* Records from a data source:
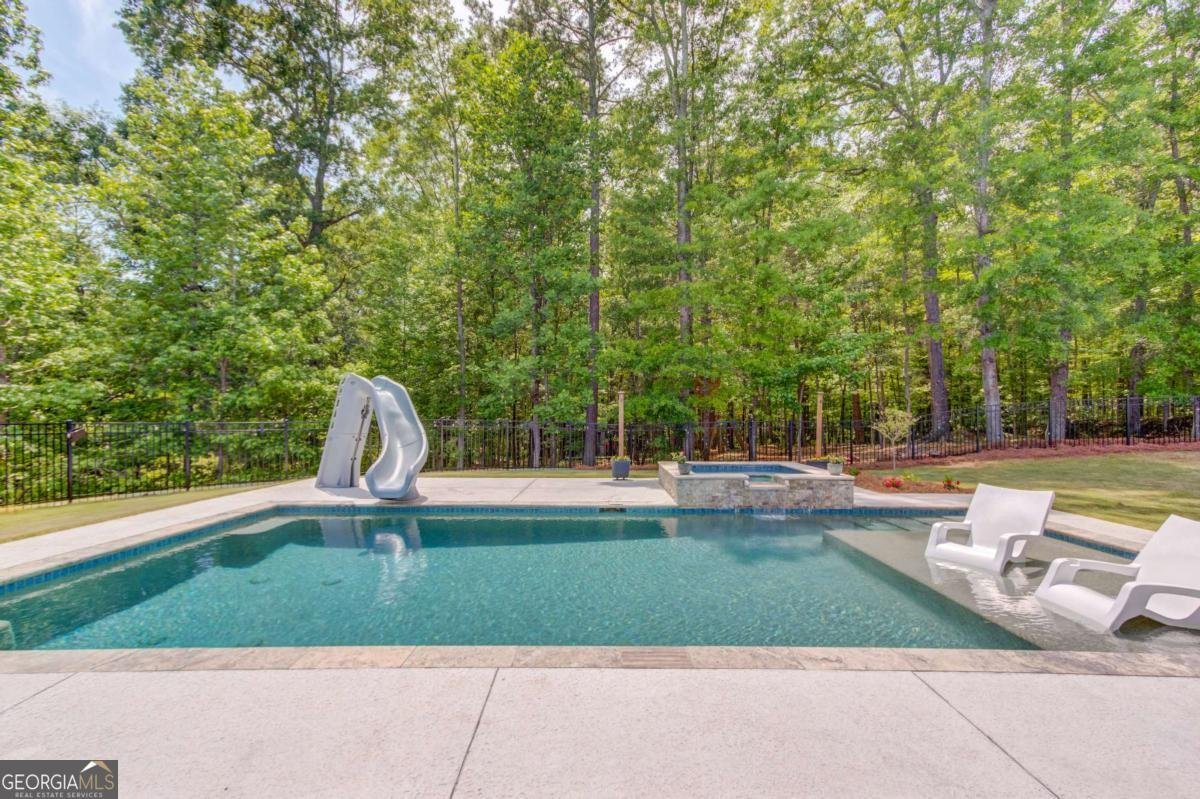 6580 Red Hawk Way Hoschton - Photo 52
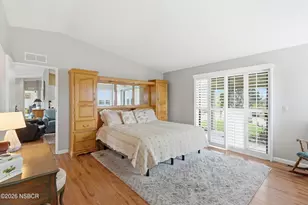995 N White Dove Dr, Santa Maria, CA 93455 - Photo 25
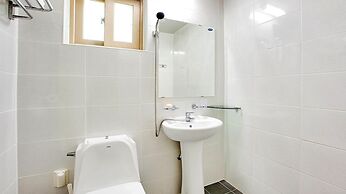 Samcheok Yedaum Pension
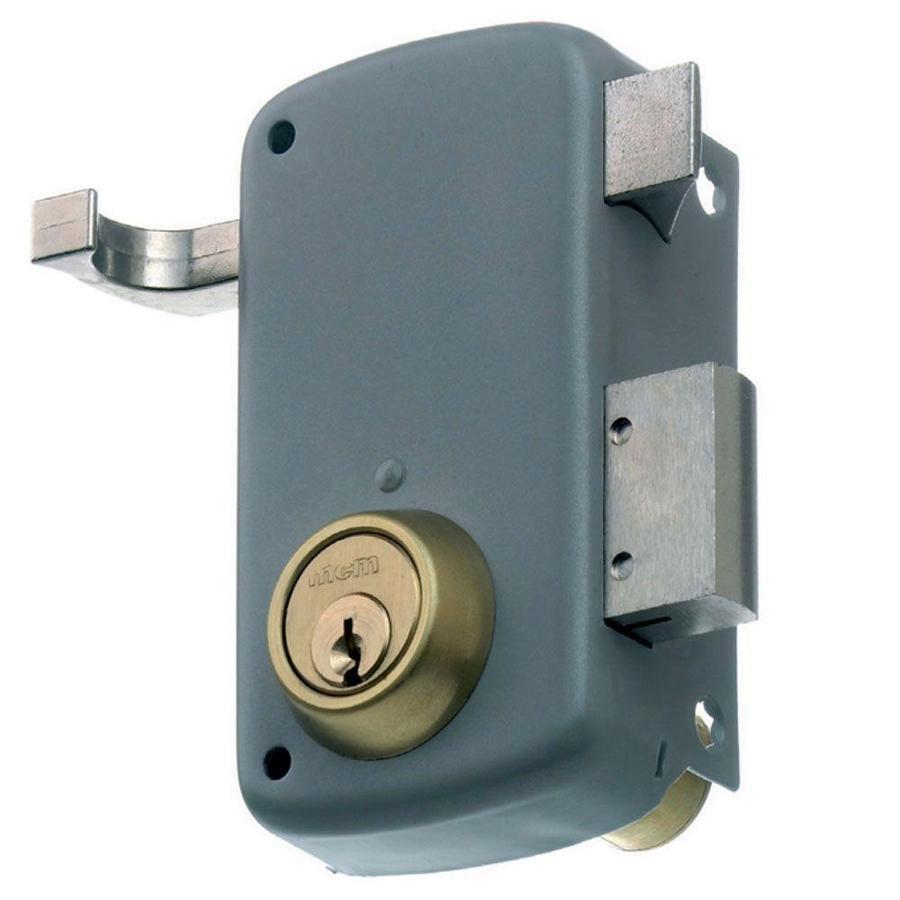 CERRADURA SOBREPONER 2556APR 60 I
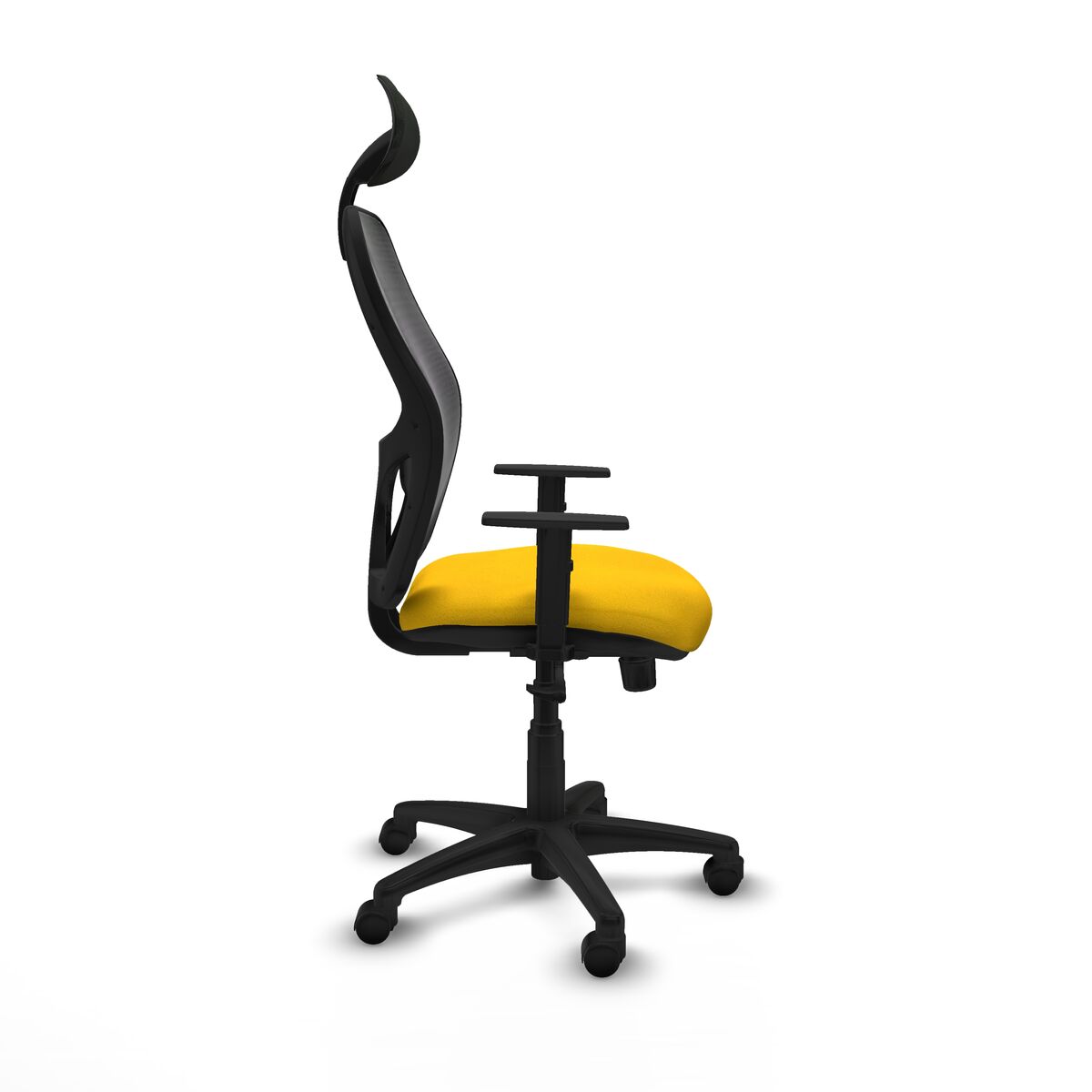 V6HDE937F99DB13D0DCFE053485F77E752FR6569361P7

* Work request:
Transcribe the entries above verbatim, excluding any image.

* Response:
 6580 Red Hawk Way Hoschton - Photo 52
995 N White Dove Dr, Santa Maria, CA 93455 - Photo 25
 Samcheok Yedaum Pension
 CERRADURA SOBREPONER 2556APR 60 I
 V6HDE937F99DB13D0DCFE053485F77E752FR6569361P7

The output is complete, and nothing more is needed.